▶ _ABOUT THIS TASK_
Output all of the lines below exactly, and leave out each image.

'''

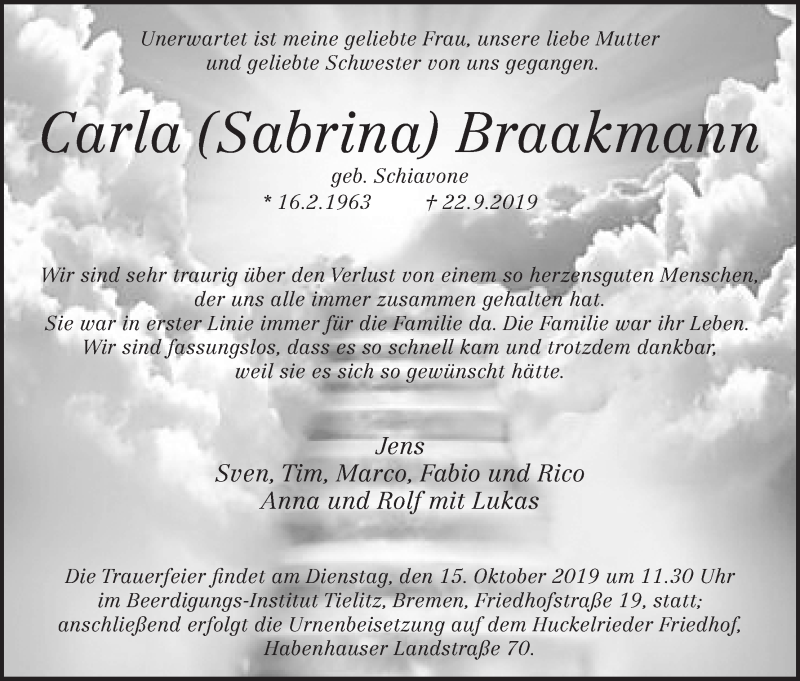 Traueranzeige von Carla (Sabrina) Braakmann von WESER-KURIER
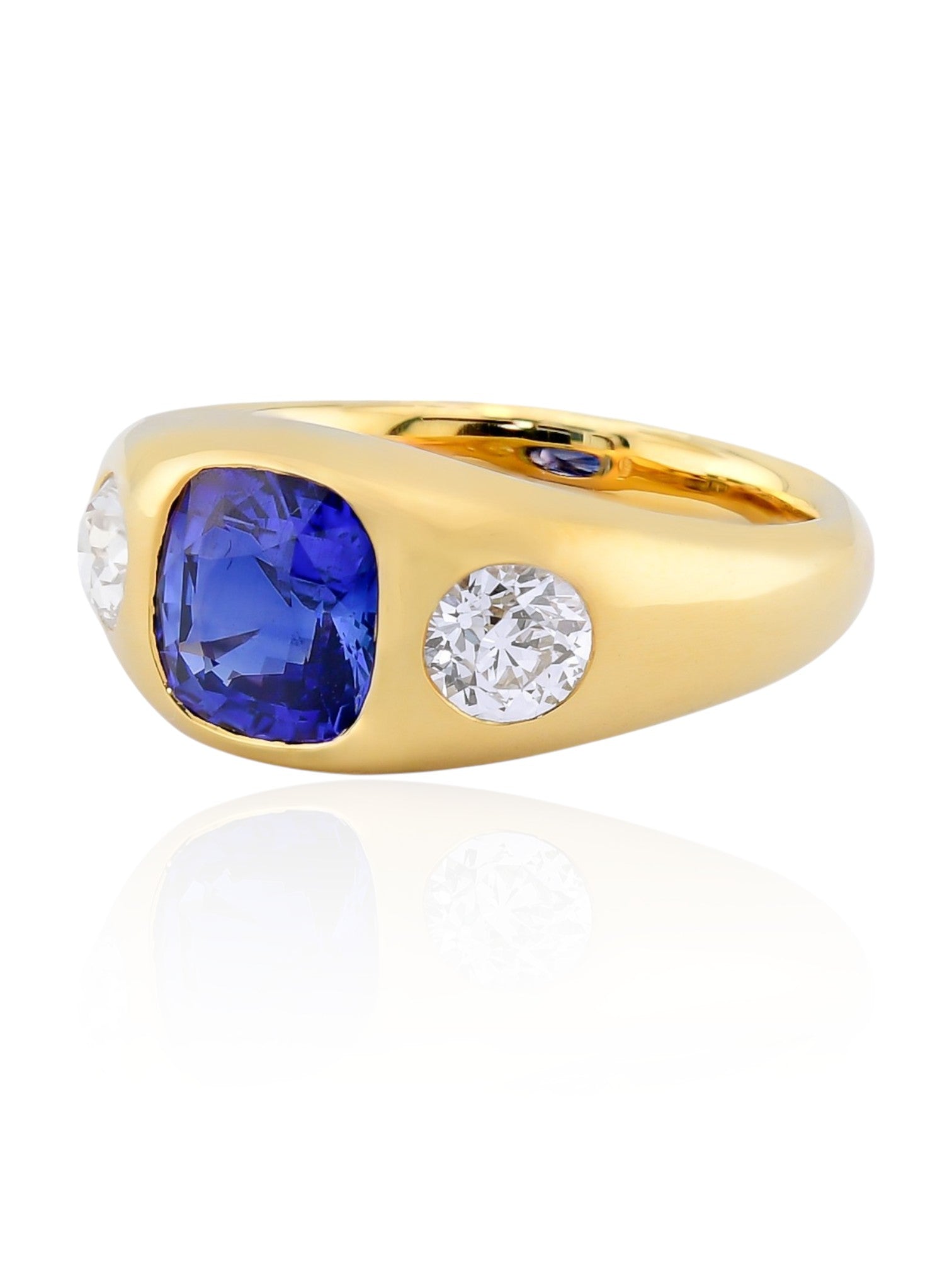 Sophia D Cushion Sapphire and Diamond Ring in 18K Yellow Gold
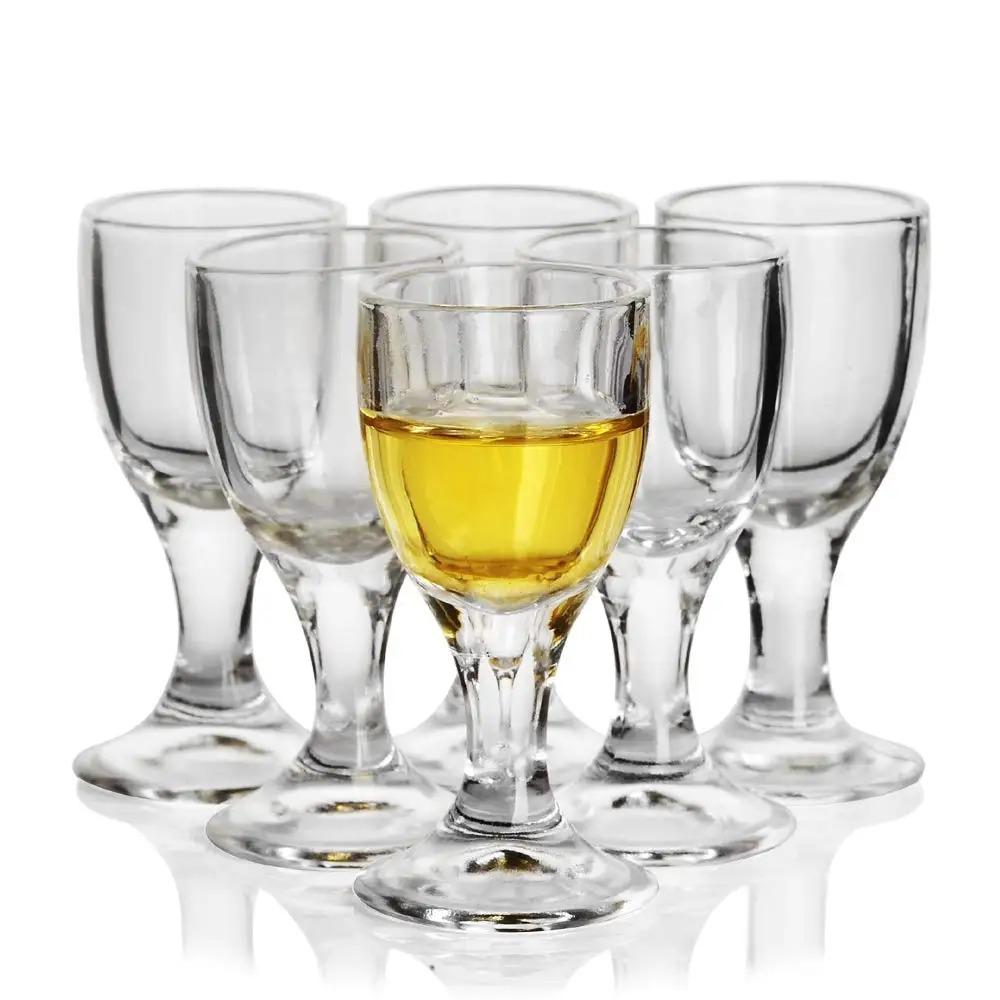 Conjunto de 6 Copos de Shot Mini de 10ml para Saquê, Licor Chinês, Aguardente, Baijiu, Copo de Saquê, Cristalino, Álcool, Haste, Copos, Atacado, Presente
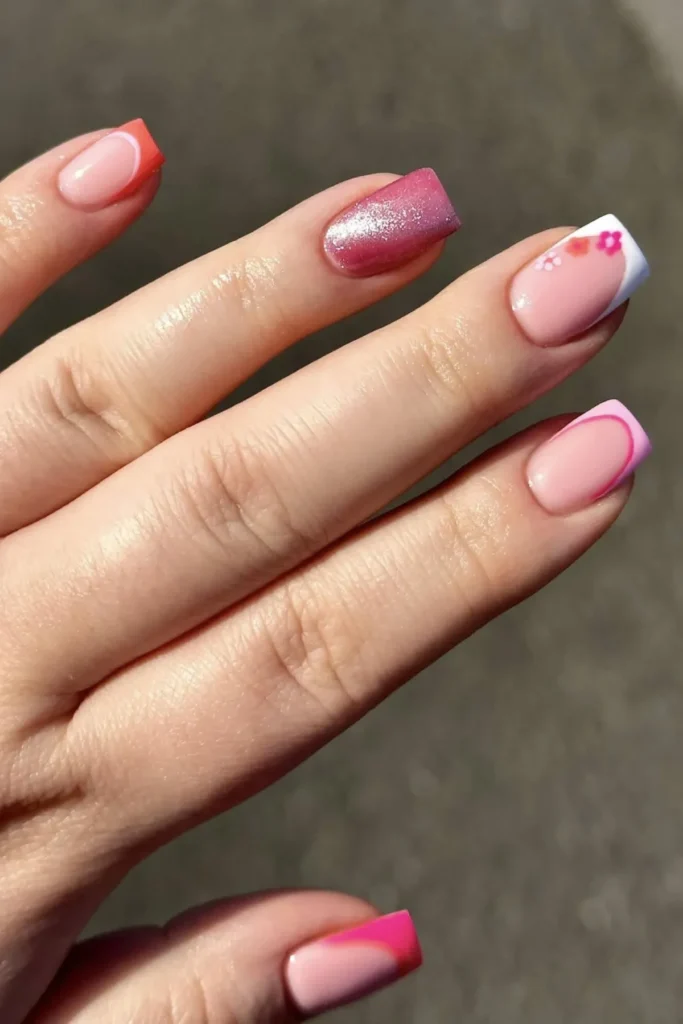 Pastel Floral Nails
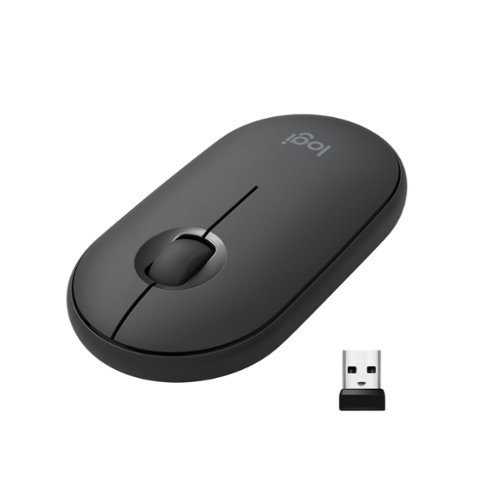  Logitech - Pebble M350 Wireless Optical Ambidextrous Mouse with Silent Click - Graphite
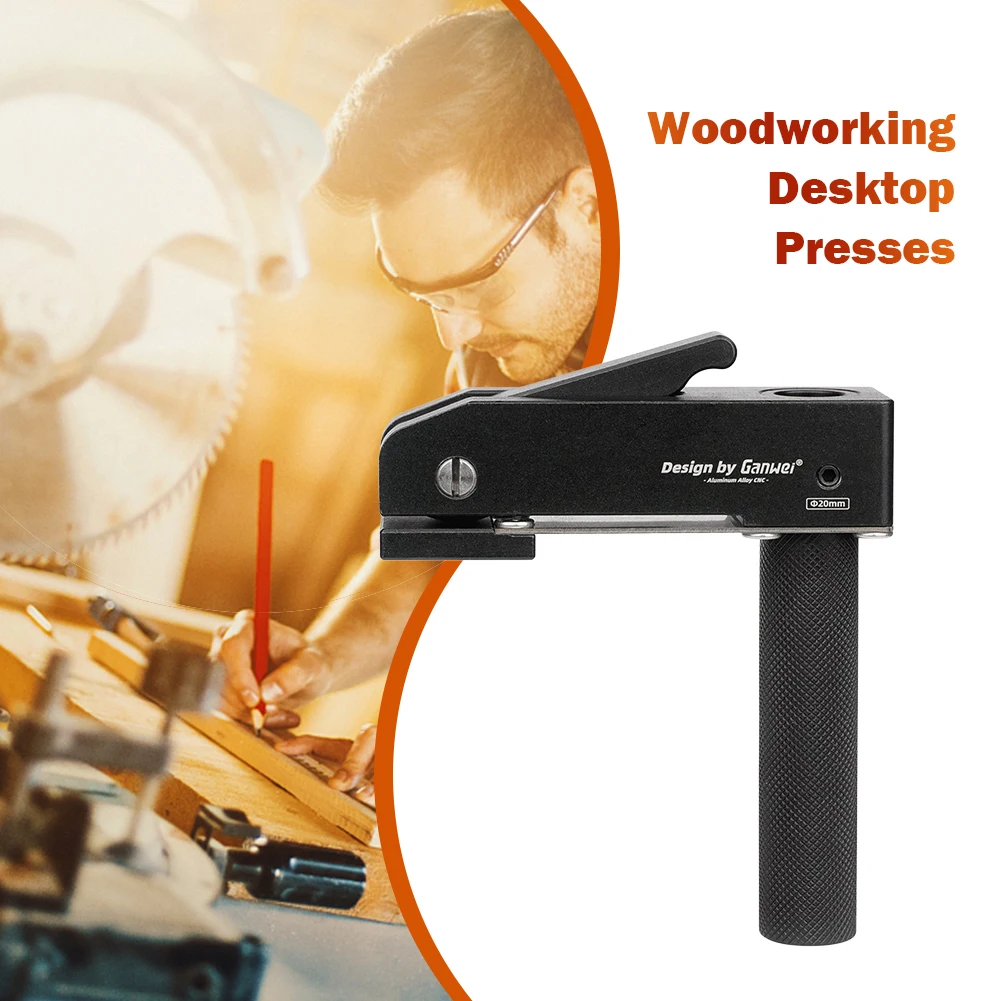

DIY Desktop Quick Acting Hold Down Clamp 3 Gears Metal Desktop Fast Fixed Clip Adjustable 85mm Shank for Carpentry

'''

▶ _TASK RESPONSE_
 Traueranzeige von Carla (Sabrina) Braakmann von WESER-KURIER
 Sophia D Cushion Sapphire and Diamond Ring in 18K Yellow Gold
 Conjunto de 6 Copos de Shot Mini de 10ml para Saquê, Licor Chinês, Aguardente, Baijiu, Copo de Saquê, Cristalino, Álcool, Haste, Copos, Atacado, Presente
 Pastel Floral Nails
  Logitech - Pebble M350 Wireless Optical Ambidextrous Mouse with Silent Click - Graphite

DIY Desktop Quick Acting Hold Down Clamp 3 Gears Metal Desktop Fast Fixed Clip Adjustable 85mm Shank for Carpentry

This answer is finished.